KC-2779

Calu6 B7H3 KO 3A3 Cell Line

27167

Home » Calu6 B7H3 KO 3A3 Cell Line

Background of Calu6 B7H3 KO 3A3 Cell Line

B7-H3 is a 316 amino acid-long type I transmembrane protein, existing in two isoforms determined by its extracellular domain. In mice, the extracellular domain consists of a single pair of immunoglobulin variable (IgV)-like and immunoglobulin constant (IgC)-like domains. B7-H3 mRNA is expressed in most normal tissues. In contrast, B7-H3 protein has a very limited expression on normal tissues because of its post-transcriptional regulation by microRNAs. However, B7-H3 protein is expressed at high frequency on many different cancer types (60% of all cancers).

Specifications

Catalog Number	KC-2779
Cell Line Name	Calu6 B7H3 KO 3A3 Cell Line
Host Cell Line	Calu6
Description	Stable Calu6 clone with human B7H3 gene knockout, No.3A3
Quantity	One vial of frozen cells (≥2-10⁶/vial)
Stability	Stable in culture over a minimum of 10 passages
Application	Drug screening and biological assays
Freezing Medium	70% MEM + 0.01Mm NEAA+20% FBS + 10% DMSO
Propagation Medium	MEM + 0.01Mm NEAA + 10% FBS
Selection Marker	N/A
Morphology	Epithelial
Subculture	Split saturated culture 1:4-1:5 every 2-3 days; seed out at about 1-3 × 10⁵ cells/mL
Incubation	37 °C with 5% CO₂
Storage	Liquid nitrogen immediately upon receiving
Doubling Time	Approximately 48 hours
Mycoplasma Status	Negative
In Vivo Validation	NA

Cell Line Generation

Calu-6 -B7H3 knockout cell line was generated using a CRISPR method.

Characterization

Figure 1: Characterization of B7H3 knockout in Calu-6 using PCR sequencing.

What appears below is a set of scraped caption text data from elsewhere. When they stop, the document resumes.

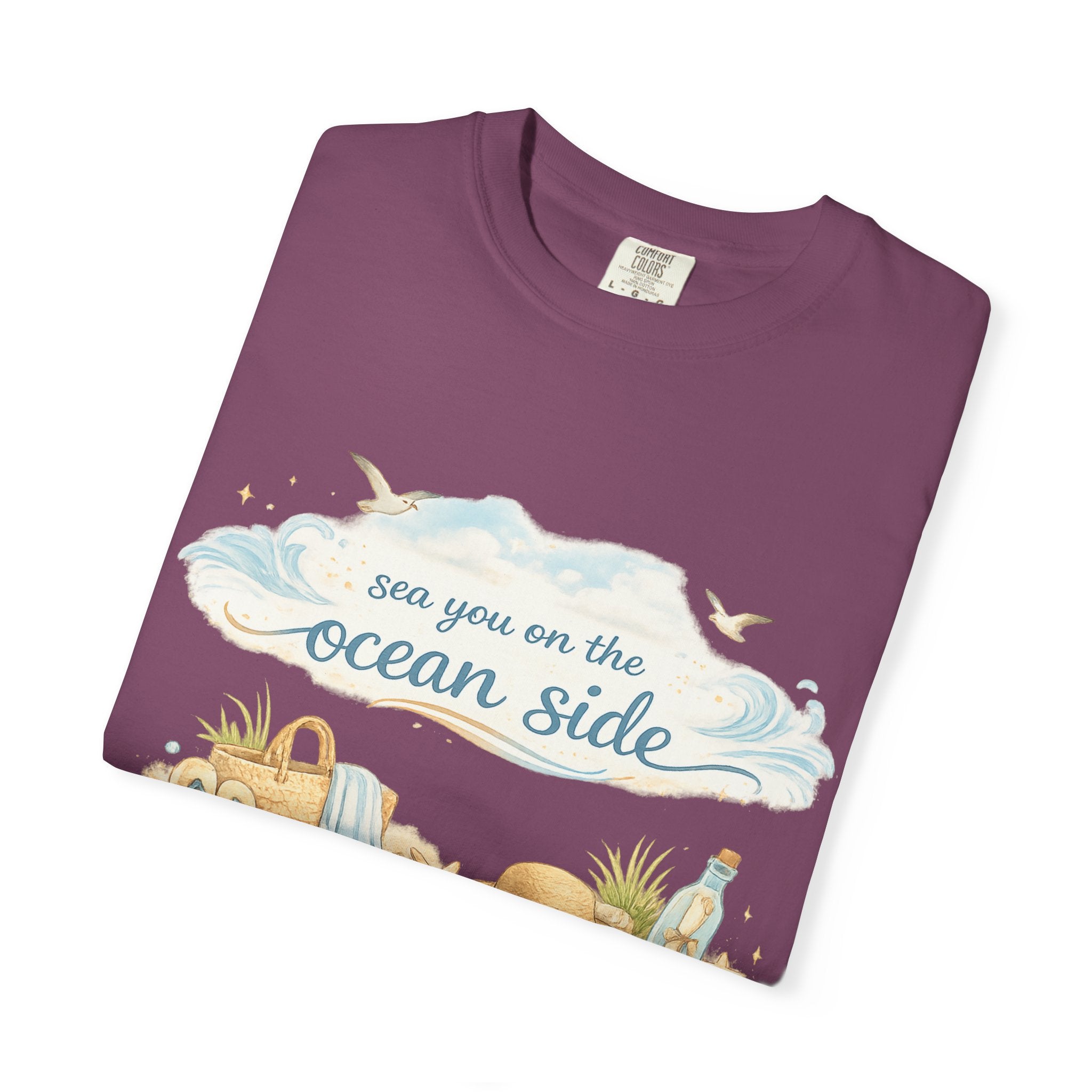Ocean Side Beach T-Shirt — "See You on the Ocean Side" Summer Tee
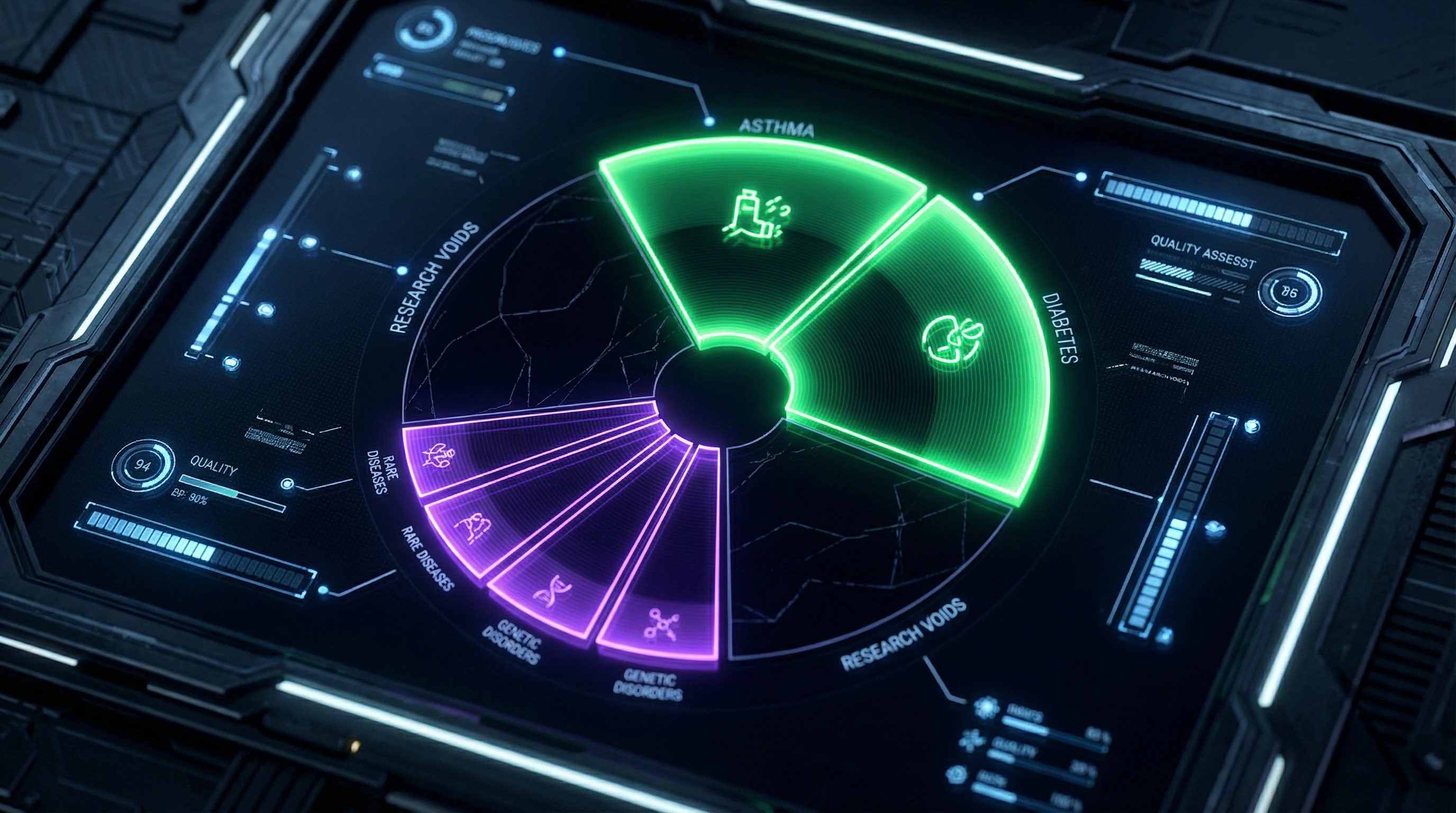 Distribution diagram of studies by chronic disease type and methodological quality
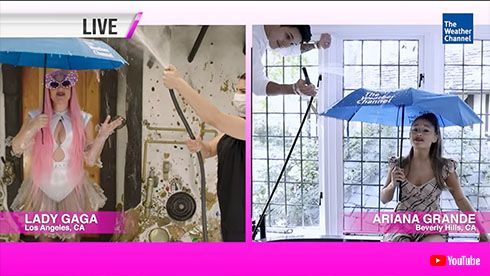 アリアナ・グランデ レディー・ガガ Rain On Me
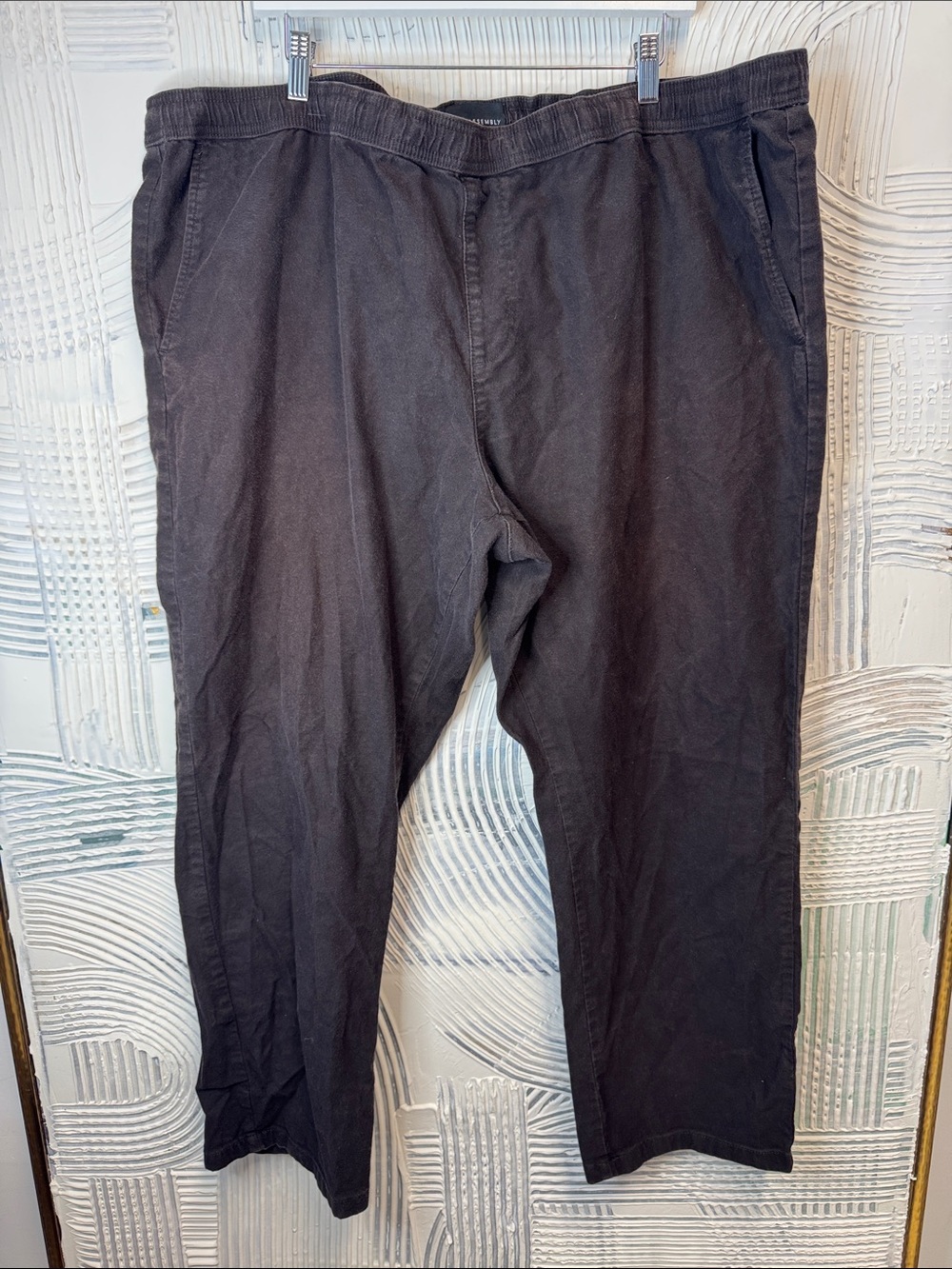 Classic Black Men's Chinos with Elastic Waist N0575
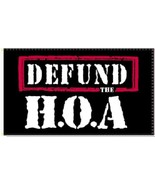 3X5 DEFUND THE HOA 100D FLAG BANNER GROMMETS - $12.14 CAD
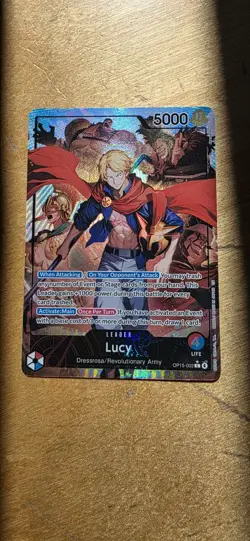 OP15-002 Lucy (Alt Art Leader) ONE PIECE Card TCG NM English - Image 1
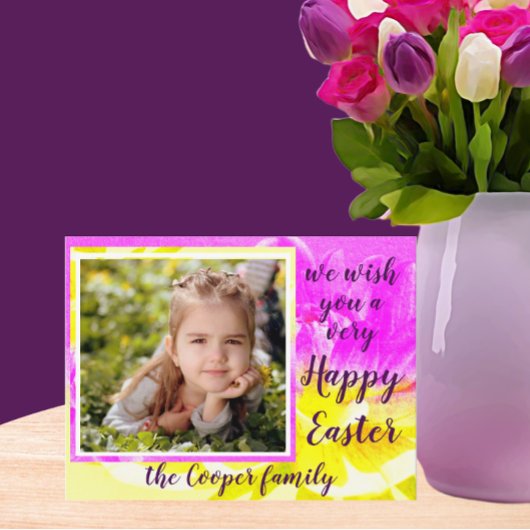 Hübsche Dahlia Foto Frame Osterpostkarte Postkarte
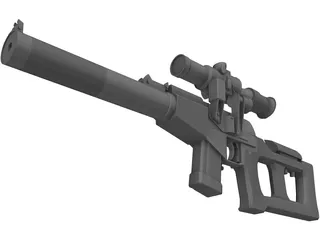 VSS Vintorez 3D Model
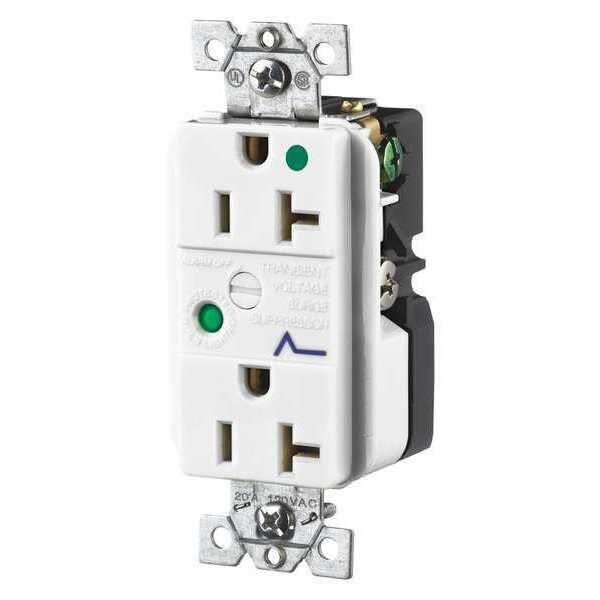 Receptacle, 20 A Amps, 125V AC, Flush Mount, Decorator Duplex Outlet, 5-20R, White, EnjoyTool select, Mfr# SP83WA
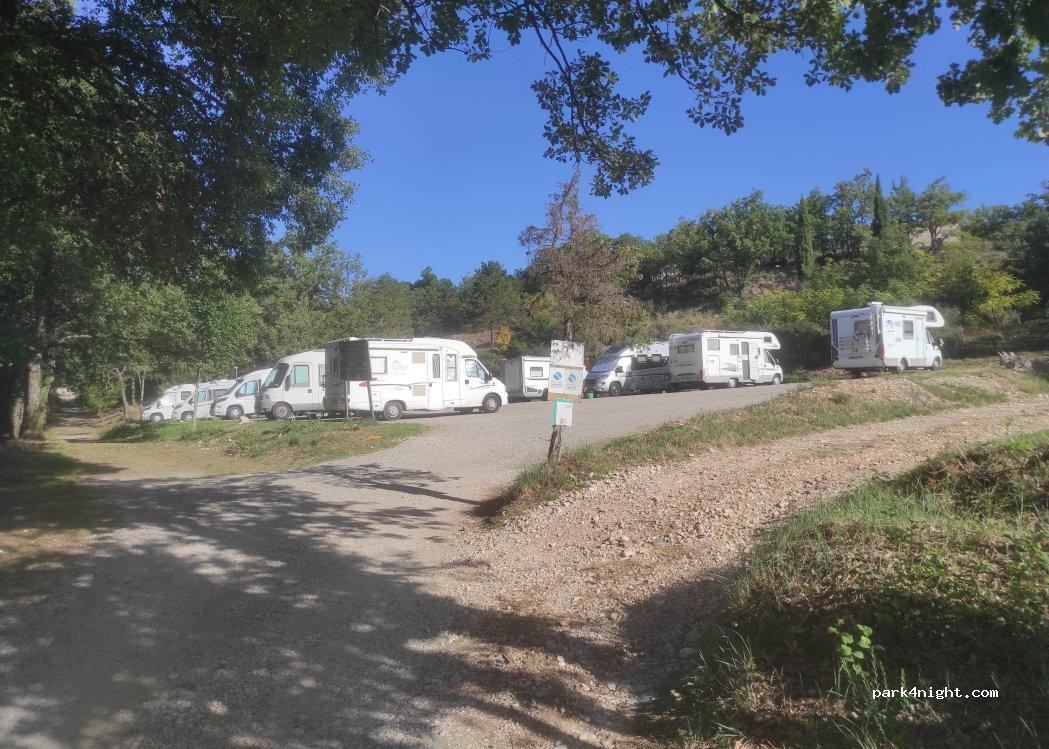 Aire camping-cars les salles sur verdon - Foto 7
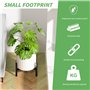 jinminamz Support Pour Plantes Réglable，Pot De Fleurs Porte - Plantes Porte - Fleurs Tabouret En Fer Adapté Pour Les Pots De 20 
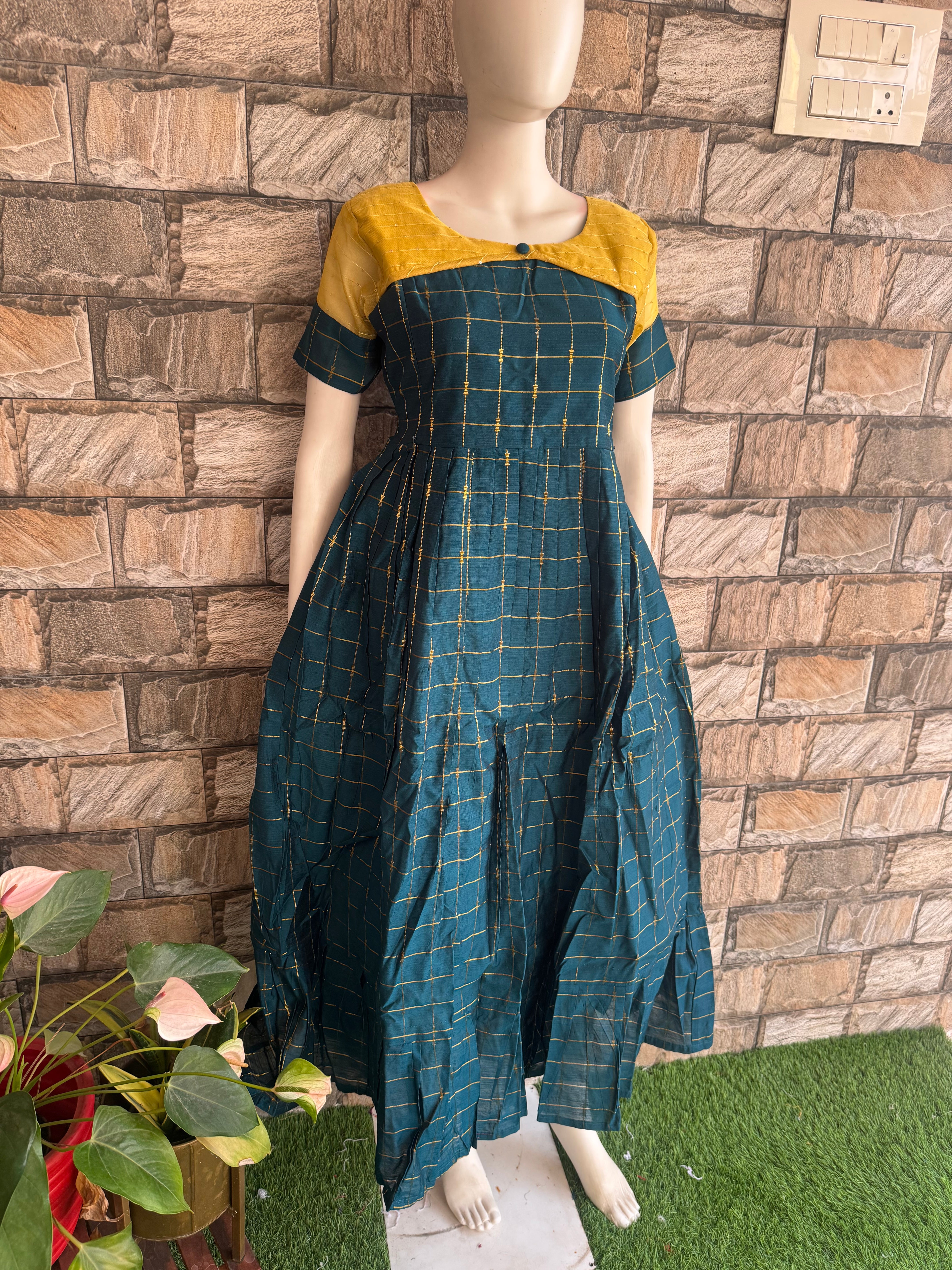 Rama Green Maternity maxi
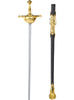 Épée de mousquetaire avec étui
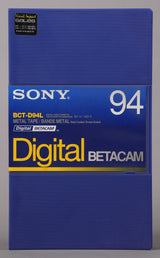 Sony BCT-D94L Digital BETACAM 94min tape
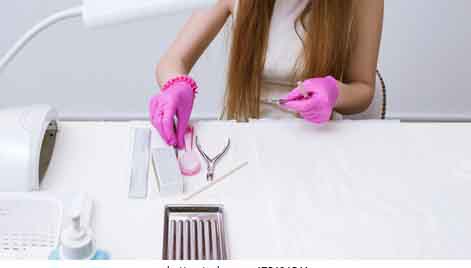 Sanitizing and sterilizing nail equipment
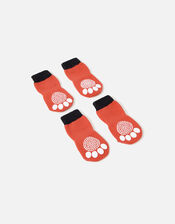 Santa Dog Booties, Red (RED), large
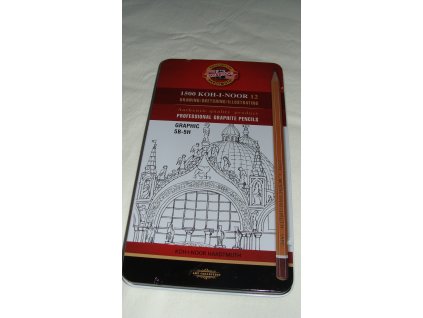 1500 KOH-I-NOOR, PROFESIONAL GRAPHITE PENCILS,souprava grafitových tužek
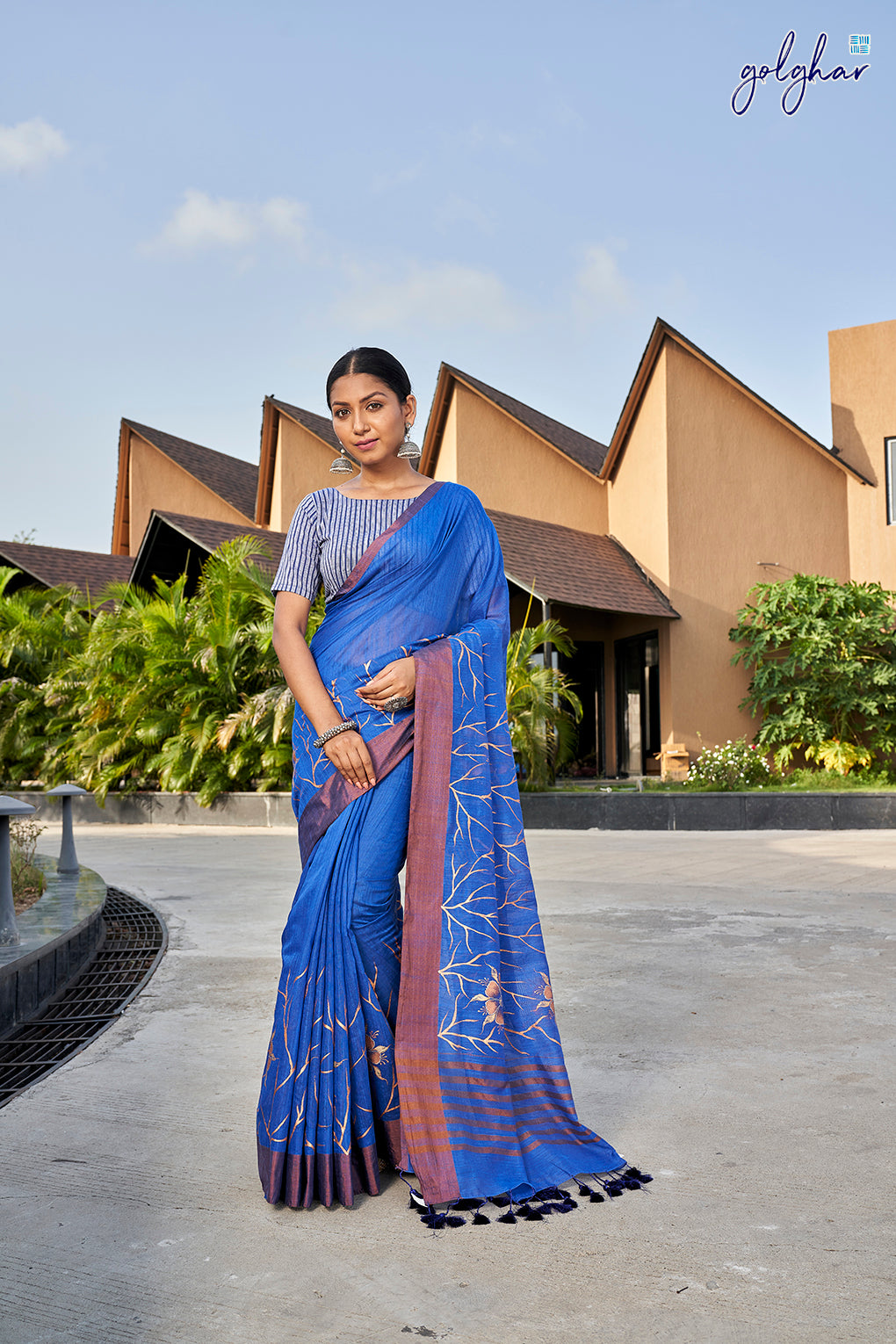 Blessed Blue (Saree)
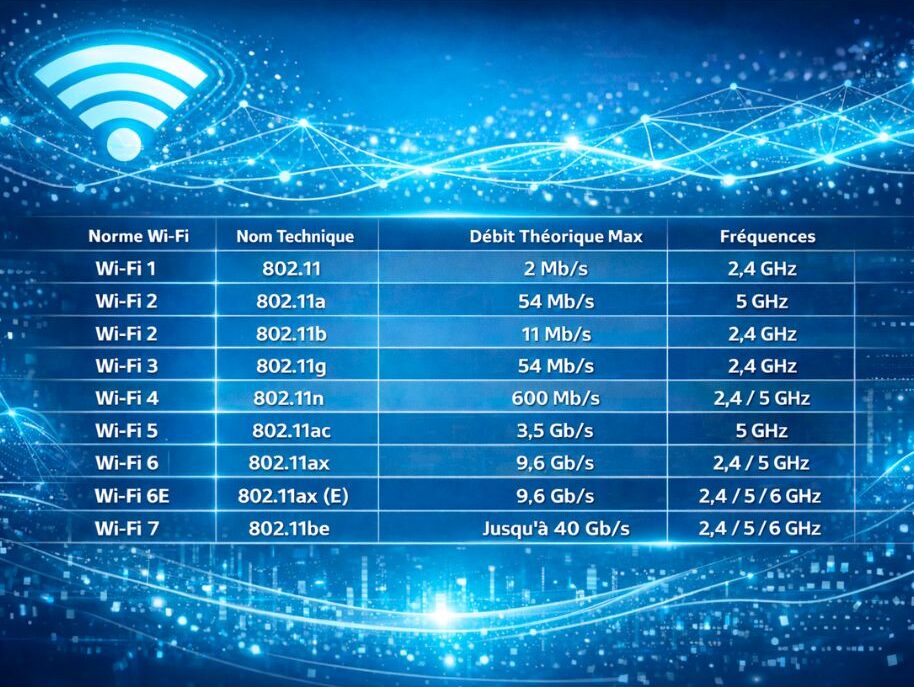 Les différentes générations de WiFi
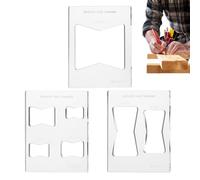 Modelli di router per la lavorazione del legno, modello di router Kit modello router, 3x modello acrilico trasparente, Misurazioni contrassegnate trasparenti per migliorare gli album rec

Figure 2: Characterization of B7H3 knockout in Calu-6 using FACS.

Cell Resuscitation

Prewarm culture medium (MEM + 0.01Mm NEAA + 10% FBS)in a 37°C water bath.
Thaw the frozen vial in a 37°C water bath for 1-2 minutes.
Transfer the vial into biosafety cabinet, and wipe the surface with 70% ethanol.
Unscrew the top of the vial and transfer the cell suspension gently into a sterile centrifuge tube containing 9.0mL complete culture medium.
Spin at ~ 125 × g for 5-7 minutes at room temperature, and discard the supernatant without disturbing the pellet.
Resuspend cell pellet with the appropriate volume of complete medium and transfer the cell suspension into a T25 culture flask.
Incubate the flask at 37°C, 5% CO₂ incubator.
Split saturated culture 1:4-1:5 every 2-3 days; seed out at about 1-3 × 10⁵ cells/mL.

Cell Freezing

Prepare the freezing medium (70% MEM + 0.01Mm NEAA+20% FBS + 10% DMSO) fresh immediately before use.
Keep the freezing medium on ice and label cryovials.
Transfer cells to a sterile, conical centrifuge tube, and count the cells.
Centrifuge the cells at 250×g for 5 minutes at room temperature and carefully aspirate off the medium.
Resuspend the cells at a density of at least 3×10⁶ cells/mL in chilled freezing medium.
Aliquot 1 mL of the cell suspension into each cryovial.
Freeze cells in the CoolCell freezing container overnight in a -80°C freezer.
Transfer vials to liquid nitrogen for long-term storage

References

Zhang GB, Chen YJ, Shi Q, Ma HB, Ge Y, Wang Q, Jiang Z, Xu Y, Zhang XG (June 2004). Human recombinant B7-H3 expressed in E. coli enhances T lymphocyte proliferation and IL-10 secretion in vitro. Acta Biochimica et Biophysica Sinica. 36 (6): 430–6. doi:10.1093/abbs/36.6.430. PMID 15188059.

Use License Agreement

Research Use Only.

Not for use in diagnostic procedures or therapeutic applications.

Redistribution of the cell line or its derivatives is prohibited without prior written permission from Kyinno Biotechnology.